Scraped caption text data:
=== Begin Enclosure ===
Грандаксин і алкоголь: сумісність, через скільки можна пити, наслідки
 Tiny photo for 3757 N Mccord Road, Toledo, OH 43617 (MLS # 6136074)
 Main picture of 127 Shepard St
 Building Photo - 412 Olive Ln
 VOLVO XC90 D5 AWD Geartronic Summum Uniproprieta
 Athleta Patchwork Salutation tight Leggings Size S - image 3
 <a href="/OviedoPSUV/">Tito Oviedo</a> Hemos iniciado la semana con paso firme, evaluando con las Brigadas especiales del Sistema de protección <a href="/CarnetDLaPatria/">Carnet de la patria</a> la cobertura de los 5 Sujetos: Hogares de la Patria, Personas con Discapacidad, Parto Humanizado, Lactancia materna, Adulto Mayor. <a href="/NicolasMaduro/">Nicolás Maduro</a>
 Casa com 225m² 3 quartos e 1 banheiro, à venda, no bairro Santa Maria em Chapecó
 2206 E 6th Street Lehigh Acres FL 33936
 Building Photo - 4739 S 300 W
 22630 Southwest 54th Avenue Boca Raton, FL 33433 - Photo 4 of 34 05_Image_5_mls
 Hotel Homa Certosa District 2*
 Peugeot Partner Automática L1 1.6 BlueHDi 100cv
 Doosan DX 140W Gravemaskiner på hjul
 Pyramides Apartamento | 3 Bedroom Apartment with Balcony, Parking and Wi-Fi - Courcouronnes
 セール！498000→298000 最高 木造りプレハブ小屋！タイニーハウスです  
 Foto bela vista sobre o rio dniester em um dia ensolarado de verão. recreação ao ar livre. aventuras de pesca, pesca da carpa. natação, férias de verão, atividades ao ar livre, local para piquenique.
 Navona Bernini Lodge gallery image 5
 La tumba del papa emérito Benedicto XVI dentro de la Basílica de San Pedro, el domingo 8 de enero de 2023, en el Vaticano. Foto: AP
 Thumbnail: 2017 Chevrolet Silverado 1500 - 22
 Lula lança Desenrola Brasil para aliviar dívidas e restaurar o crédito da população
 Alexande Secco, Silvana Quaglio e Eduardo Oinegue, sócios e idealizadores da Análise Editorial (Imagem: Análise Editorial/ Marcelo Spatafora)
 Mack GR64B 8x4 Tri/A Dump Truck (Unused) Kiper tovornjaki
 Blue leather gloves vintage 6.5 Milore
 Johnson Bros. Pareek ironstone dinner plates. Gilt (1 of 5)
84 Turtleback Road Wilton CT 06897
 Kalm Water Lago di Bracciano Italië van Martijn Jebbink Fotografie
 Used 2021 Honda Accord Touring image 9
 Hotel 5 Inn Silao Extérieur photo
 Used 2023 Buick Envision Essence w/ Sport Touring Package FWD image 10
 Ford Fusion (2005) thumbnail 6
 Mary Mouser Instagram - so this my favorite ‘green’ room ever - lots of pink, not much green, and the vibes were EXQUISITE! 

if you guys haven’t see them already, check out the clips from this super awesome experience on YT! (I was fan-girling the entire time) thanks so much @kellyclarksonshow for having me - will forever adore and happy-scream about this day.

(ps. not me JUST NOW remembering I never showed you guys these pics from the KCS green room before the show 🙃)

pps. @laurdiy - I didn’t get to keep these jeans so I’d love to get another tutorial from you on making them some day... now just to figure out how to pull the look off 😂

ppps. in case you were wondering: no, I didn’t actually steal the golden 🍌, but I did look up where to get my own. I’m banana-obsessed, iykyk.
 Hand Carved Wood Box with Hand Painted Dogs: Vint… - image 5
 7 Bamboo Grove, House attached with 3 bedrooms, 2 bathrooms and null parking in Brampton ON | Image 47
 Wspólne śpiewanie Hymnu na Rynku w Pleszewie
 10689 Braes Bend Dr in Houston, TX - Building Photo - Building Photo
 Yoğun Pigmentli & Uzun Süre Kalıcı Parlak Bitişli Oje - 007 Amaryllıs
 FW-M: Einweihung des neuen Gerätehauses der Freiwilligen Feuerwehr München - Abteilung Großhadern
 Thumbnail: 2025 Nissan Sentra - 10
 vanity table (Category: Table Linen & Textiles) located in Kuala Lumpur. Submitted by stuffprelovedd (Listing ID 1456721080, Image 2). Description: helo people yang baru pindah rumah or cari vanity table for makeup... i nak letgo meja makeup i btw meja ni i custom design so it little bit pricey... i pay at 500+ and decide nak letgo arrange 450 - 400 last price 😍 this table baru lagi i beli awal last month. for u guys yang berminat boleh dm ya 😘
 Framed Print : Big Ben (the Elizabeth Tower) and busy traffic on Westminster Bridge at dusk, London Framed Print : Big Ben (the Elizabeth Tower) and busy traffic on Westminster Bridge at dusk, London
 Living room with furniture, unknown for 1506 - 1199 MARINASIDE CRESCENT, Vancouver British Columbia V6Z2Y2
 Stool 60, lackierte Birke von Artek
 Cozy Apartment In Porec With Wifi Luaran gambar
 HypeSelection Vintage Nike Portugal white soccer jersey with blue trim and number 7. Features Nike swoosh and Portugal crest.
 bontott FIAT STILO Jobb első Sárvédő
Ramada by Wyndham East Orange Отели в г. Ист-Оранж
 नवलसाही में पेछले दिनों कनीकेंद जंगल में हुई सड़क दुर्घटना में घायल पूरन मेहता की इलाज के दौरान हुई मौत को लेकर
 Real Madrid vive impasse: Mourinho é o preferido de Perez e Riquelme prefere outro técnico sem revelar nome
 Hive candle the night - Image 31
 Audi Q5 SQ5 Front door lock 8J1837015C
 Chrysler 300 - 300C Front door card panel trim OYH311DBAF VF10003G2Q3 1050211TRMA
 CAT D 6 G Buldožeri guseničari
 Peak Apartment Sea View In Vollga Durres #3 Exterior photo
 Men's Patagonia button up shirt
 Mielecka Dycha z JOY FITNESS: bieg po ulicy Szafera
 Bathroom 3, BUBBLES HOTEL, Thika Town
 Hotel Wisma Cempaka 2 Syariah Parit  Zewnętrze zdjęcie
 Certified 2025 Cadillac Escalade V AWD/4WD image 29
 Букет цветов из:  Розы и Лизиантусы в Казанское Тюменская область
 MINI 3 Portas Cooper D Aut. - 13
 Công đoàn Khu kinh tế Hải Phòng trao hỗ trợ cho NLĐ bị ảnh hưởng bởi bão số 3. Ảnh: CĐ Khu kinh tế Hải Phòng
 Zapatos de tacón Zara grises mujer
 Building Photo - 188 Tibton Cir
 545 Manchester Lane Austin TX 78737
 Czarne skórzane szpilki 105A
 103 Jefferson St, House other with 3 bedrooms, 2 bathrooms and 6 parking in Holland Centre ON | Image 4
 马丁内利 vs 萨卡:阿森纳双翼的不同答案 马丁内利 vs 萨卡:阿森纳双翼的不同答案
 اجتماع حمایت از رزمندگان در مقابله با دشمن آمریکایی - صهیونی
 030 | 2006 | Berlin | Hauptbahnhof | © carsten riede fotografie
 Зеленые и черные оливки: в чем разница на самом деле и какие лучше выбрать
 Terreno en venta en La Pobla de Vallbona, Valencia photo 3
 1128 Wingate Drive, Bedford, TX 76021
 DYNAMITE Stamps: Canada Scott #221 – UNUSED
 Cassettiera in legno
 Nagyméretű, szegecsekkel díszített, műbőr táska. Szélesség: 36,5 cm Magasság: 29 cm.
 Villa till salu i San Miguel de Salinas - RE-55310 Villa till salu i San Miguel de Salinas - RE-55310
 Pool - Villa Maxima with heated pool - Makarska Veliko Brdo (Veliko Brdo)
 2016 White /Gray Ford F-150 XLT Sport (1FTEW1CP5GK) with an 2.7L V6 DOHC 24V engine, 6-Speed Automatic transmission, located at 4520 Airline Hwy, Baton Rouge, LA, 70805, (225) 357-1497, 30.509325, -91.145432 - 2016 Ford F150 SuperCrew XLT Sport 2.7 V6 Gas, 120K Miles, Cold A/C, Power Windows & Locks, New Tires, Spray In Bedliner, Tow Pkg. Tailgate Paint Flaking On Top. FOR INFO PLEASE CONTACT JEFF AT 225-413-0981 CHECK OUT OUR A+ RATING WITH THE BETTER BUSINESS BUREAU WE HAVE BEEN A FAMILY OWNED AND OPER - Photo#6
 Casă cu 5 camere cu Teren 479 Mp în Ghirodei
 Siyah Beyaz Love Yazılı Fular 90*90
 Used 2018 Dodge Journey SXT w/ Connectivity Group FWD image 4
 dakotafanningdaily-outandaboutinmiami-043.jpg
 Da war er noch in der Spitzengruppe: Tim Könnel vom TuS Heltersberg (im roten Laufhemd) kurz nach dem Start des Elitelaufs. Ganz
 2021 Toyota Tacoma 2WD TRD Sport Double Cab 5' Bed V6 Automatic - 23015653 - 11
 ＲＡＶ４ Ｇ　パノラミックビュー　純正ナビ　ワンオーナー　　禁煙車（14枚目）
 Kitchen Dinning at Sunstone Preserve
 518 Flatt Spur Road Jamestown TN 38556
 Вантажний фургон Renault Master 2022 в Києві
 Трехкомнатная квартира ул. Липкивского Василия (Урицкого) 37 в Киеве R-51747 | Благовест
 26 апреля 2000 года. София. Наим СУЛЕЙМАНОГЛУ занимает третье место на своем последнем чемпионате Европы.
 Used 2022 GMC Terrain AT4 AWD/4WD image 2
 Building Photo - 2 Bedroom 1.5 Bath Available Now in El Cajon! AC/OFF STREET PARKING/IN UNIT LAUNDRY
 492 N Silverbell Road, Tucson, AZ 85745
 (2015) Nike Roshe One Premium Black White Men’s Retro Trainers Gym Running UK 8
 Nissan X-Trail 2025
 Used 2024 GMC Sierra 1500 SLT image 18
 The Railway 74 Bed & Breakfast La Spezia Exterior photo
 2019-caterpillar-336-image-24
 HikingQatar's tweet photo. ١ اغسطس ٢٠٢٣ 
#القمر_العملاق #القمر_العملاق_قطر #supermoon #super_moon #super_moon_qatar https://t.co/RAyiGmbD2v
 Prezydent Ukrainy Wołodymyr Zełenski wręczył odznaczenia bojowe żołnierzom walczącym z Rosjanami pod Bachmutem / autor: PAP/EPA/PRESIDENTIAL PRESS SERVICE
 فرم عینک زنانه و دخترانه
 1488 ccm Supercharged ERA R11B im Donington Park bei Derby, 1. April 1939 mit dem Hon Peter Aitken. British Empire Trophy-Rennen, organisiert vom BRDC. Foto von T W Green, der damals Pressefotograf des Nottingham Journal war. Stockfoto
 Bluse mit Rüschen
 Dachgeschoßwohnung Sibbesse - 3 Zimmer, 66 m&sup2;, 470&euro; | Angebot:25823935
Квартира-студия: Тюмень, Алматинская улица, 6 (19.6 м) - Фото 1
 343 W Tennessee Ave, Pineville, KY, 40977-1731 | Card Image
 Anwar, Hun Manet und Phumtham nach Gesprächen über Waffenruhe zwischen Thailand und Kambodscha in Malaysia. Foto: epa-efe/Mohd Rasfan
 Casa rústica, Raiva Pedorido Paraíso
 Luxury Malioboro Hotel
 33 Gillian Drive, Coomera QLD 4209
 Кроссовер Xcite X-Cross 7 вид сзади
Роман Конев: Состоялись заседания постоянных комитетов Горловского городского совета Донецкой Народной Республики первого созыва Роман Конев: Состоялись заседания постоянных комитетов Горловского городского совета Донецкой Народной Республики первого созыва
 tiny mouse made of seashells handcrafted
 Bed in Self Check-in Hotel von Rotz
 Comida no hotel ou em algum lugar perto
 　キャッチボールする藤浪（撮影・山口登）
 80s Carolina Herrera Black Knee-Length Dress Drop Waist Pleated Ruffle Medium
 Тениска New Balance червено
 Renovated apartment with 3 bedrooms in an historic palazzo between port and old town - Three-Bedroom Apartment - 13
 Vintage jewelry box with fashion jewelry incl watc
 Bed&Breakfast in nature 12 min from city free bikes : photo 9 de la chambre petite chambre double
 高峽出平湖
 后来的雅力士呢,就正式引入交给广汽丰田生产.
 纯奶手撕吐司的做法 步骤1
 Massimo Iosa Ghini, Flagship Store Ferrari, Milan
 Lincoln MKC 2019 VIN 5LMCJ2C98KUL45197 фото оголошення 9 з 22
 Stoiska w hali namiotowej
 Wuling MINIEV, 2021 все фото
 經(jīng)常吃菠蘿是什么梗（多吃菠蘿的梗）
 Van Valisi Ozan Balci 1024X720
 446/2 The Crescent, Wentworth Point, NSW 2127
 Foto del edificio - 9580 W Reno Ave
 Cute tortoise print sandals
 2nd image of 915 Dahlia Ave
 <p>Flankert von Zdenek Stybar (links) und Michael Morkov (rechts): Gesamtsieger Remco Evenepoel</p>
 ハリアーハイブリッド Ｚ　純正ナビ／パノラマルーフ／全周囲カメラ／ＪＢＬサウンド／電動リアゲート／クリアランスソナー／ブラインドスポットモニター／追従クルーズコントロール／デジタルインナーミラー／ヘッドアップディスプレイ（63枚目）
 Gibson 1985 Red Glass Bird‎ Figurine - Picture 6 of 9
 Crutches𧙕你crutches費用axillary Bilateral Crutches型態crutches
=== End Enclosure ===
EXERCISE DIRECTIONS:
In the entries above, find the line holding "Foto bela vista" and the line holding "Thumbnail: 2017 Chevrolet", then retype exactly those two lines and every line between them, and nothing else.

RESPONSE TO THIS TASK:
 Foto bela vista sobre o rio dniester em um dia ensolarado de verão. recreação ao ar livre. aventuras de pesca, pesca da carpa. natação, férias de verão, atividades ao ar livre, local para piquenique.
 Navona Bernini Lodge gallery image 5
 La tumba del papa emérito Benedicto XVI dentro de la Basílica de San Pedro, el domingo 8 de enero de 2023, en el Vaticano. Foto: AP
 Thumbnail: 2017 Chevrolet Silverado 1500 - 22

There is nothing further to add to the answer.